On November 28th, 2018 Viceroy Research released a report regarding NEPI Rockcastle (JSE: NRP) detailing what we believed to be over-inflated profits in the company’s Romanian operations. NEPI issued a response to our research and hosted a call for concerned investors.
NEPI Response 2018.12.06 – Download Link
NEPI Dutch Filings – Download Link
Unusually NEPI provided some clarity in terms of their accounting treatments. We maintain our belief that NEPI is fundamentally overvalued with reservations regarding the sustainability of distributable income, the tax treatment in foreign jurisdictions and the status of the overall company. This we will update on.
- NEPI Rockcastle have not sought to deliver any scope of investigation in response to a request by investors in August 2018, and claim it is the prerogative of investors to identify the exact issues they want investigated. It seems clear what issues 10 of South Africa’s largest financial firms sought clarity on: potential trading of associated companies, suspicious capital raising activity and property transactions.
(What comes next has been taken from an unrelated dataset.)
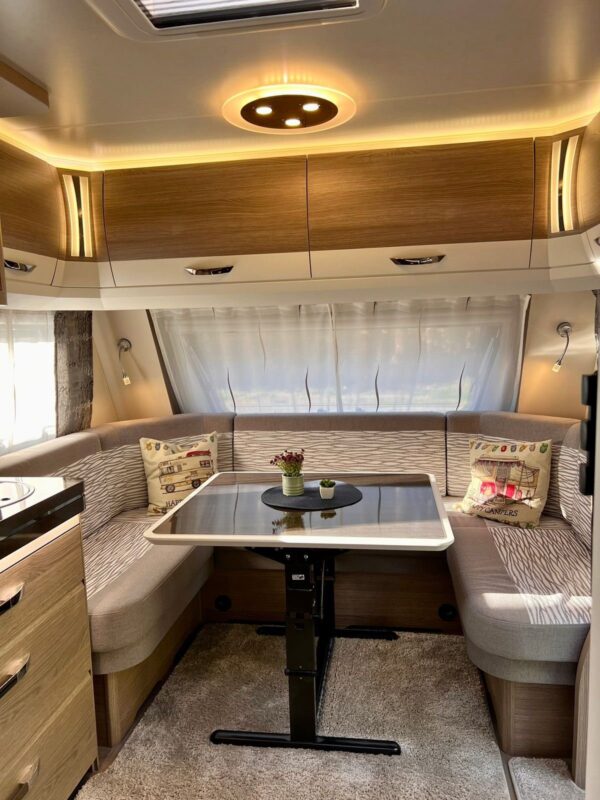 Caravane Hobby 560 Prestige WLU – Image 10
- Per our original report, we were of the opinion that transfer pricing is not an adequate explanation as to why statutory losses are incurred in Romania. This is due to transfer pricing legislation in Romania and the EU. On further investigation, these hard currency, unsecured, intra-group loans are disclosed in NEPI’s Dutch subsidiary at rate of 8%-12%, compared to the Romanian mortgage rate of 4.5-5% and safe harbor limit of 4%. This is a stark contrast to the CFO’s description, in which she did not provide the figures, but guided the rate was between 4% to 8%.
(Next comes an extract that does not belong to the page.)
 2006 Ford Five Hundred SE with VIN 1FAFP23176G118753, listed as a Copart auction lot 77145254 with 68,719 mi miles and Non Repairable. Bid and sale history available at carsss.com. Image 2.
- Having obtained the filings of Dutch subsidiary, NE Property Cooperatief UA, we find it untenable how a local CFO or Financial Controller locally can advocate a “fair” and arm’s length transfer pricing interest rate on unsecured loans of 8%, formerly 12%. Essentially, the equity holders at the local level are being punished for an excessive and non-arm’s length priced loan. We make this assumption based on local Euro borrowing costs within Romania with an LTV of circa 28% as disclosed by NEPI.
- NEPI uses the entirety of its funds earmarked for deferred tax payments to inflate its distributable earnings figure. In effect, the company is likely improving their dividend figures at the expense of future disbursements.
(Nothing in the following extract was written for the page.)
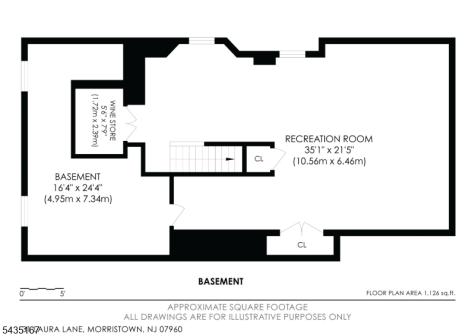 31 Laura Lane Morris NJ 07960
- New anti-abuse legislation will materially hamper NEPI’s transfer pricing model going forward in Romania, Netherlands, and across the EU. Given the extent of transfer pricing, this will impact NEPI’s distributable earnings.
- Taking a step back, it is delayed outgoings, not earnings, that substantiate ~20% of distributable earnings. The Romania tax channeling is in fact one of many adjustments that allow this unsustainable dividend practice. Other items that deserve scrutiny include the dividend contribution of stocks, the antecedent dividend add back and the sale of financial investments.
- At a property yield of 6.77%; after accounting for cash costs, interest costs, taxes, and the stock trading at a premium to NAV, we fail to see how NEPI can justify a 7.5% dividend unless holders choose to take their dividend as scrip, which is dilutive and makes future dividends even harder to justify. Accordingly, we maintain our view that the stock is fundamentally overvalued.
- Of concern is that large money managers, including retirement money managers PIC, have continuously chosen to take dividends as scrip.
- SENS trading data shows entities associated with the Resilient stable associate Roque Hafner traded large amounts of NEPI shares at least for the period between May 2016 and May 2018. Hafner was implicated in the media as being involved in the Resilient insider trading scandal and several Hafner entities used to trade Resilient shares also traded NEPI shares.
We reiterate our belief that NEPI Rockcastle’s shares carry a high investment risk and are fundamentally overvalued, which will become increasingly unattractive over time given what we believe are unsustainable distribution practices.